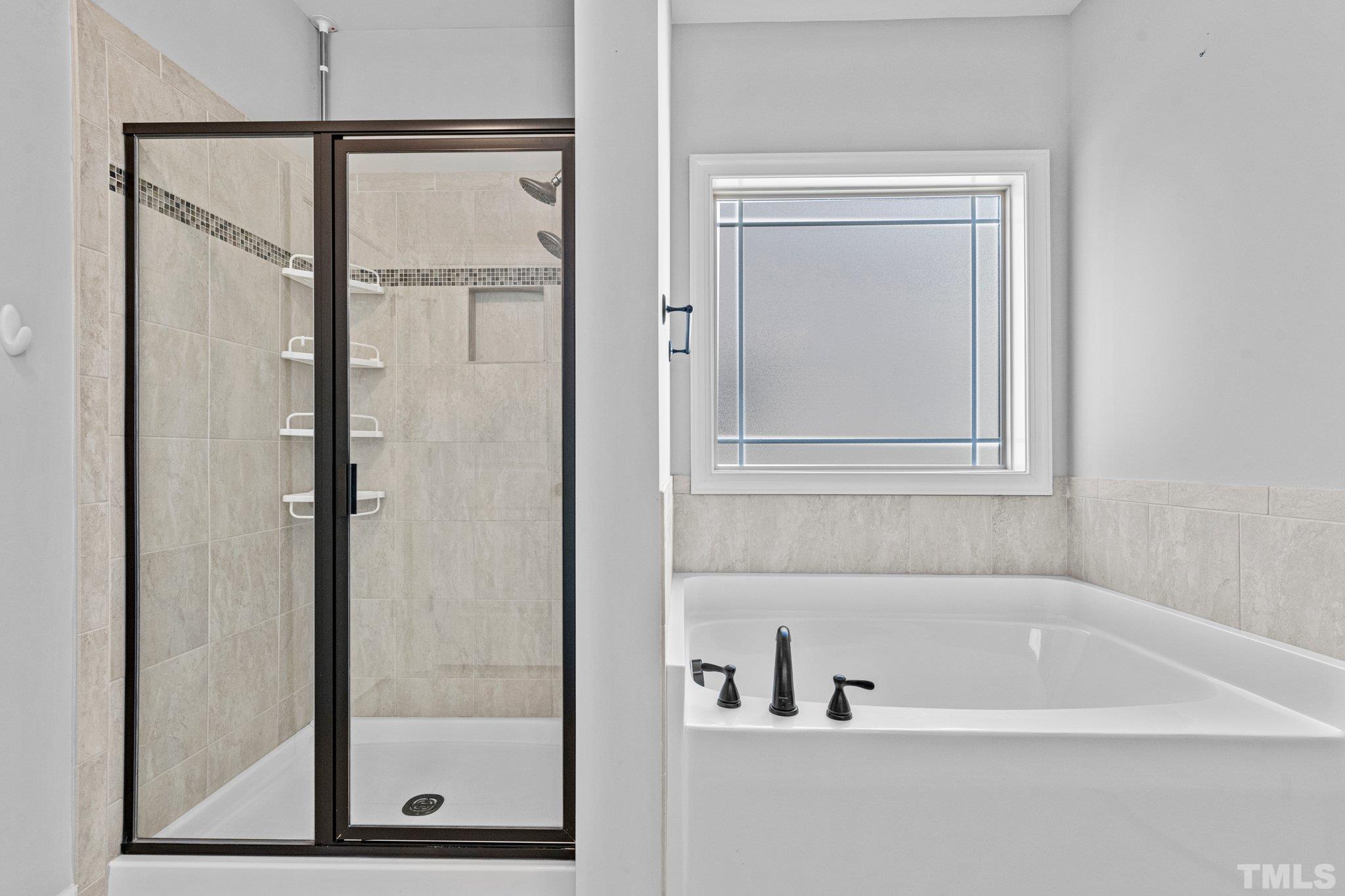 97 Thunder Ridge Drive Garner, NC 27529 - Photo 19 of 33 a bathroom with a bathtub and shower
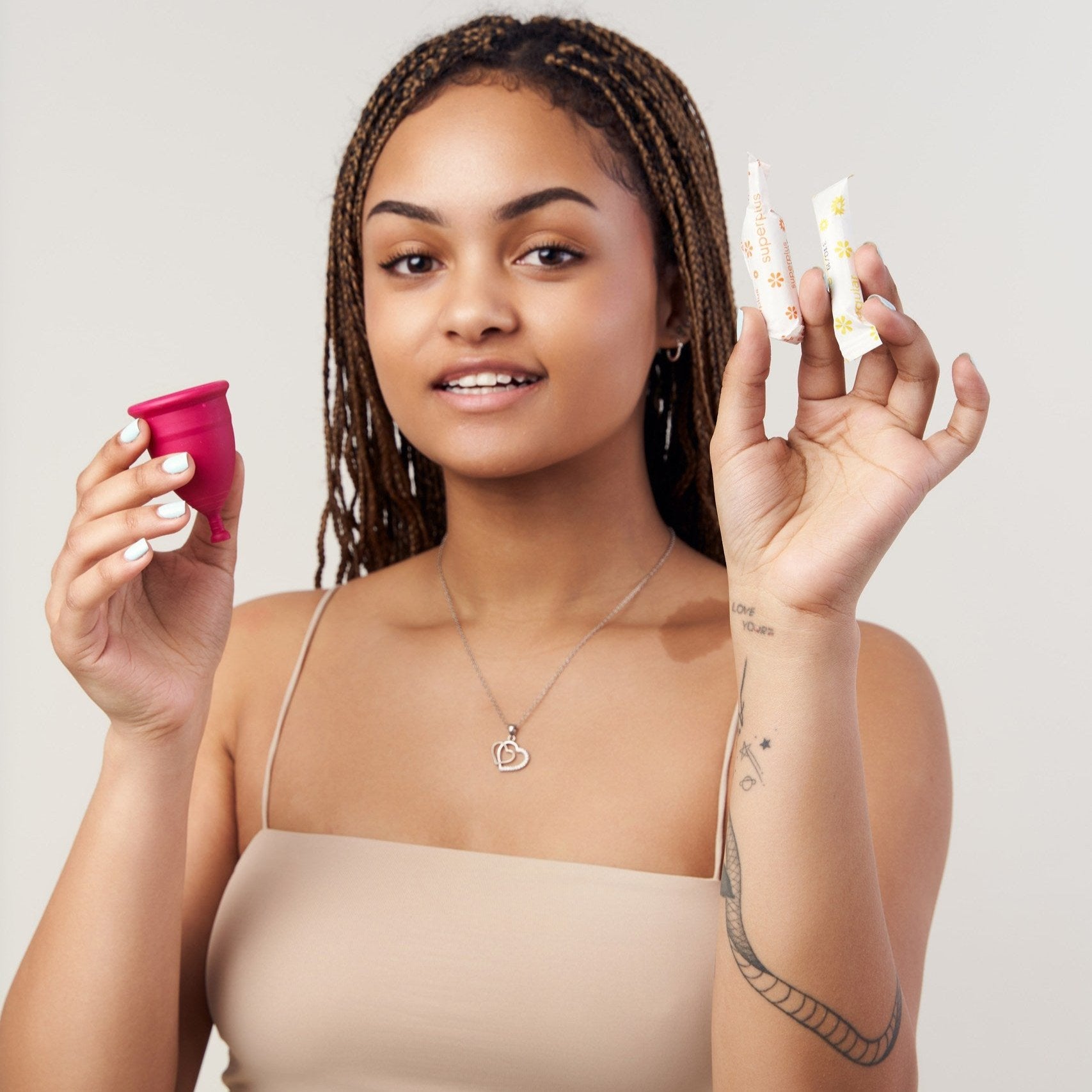Girl holding Genial Day menstrual cup made of TPE and tampons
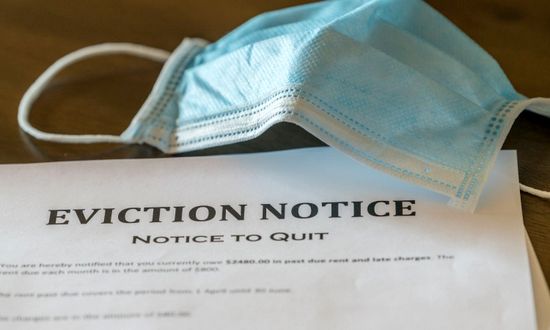 Image of mask and eviction notice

--- --- ---

▶ [Task item]
Give back every line of the material exactly as written, but not the pictures.

▶ [Answer section]
 97 Thunder Ridge Drive Garner, NC 27529 - Photo 19 of 33 a bathroom with a bathtub and shower
Girl holding Genial Day menstrual cup made of TPE and tampons
 Image of mask and eviction notice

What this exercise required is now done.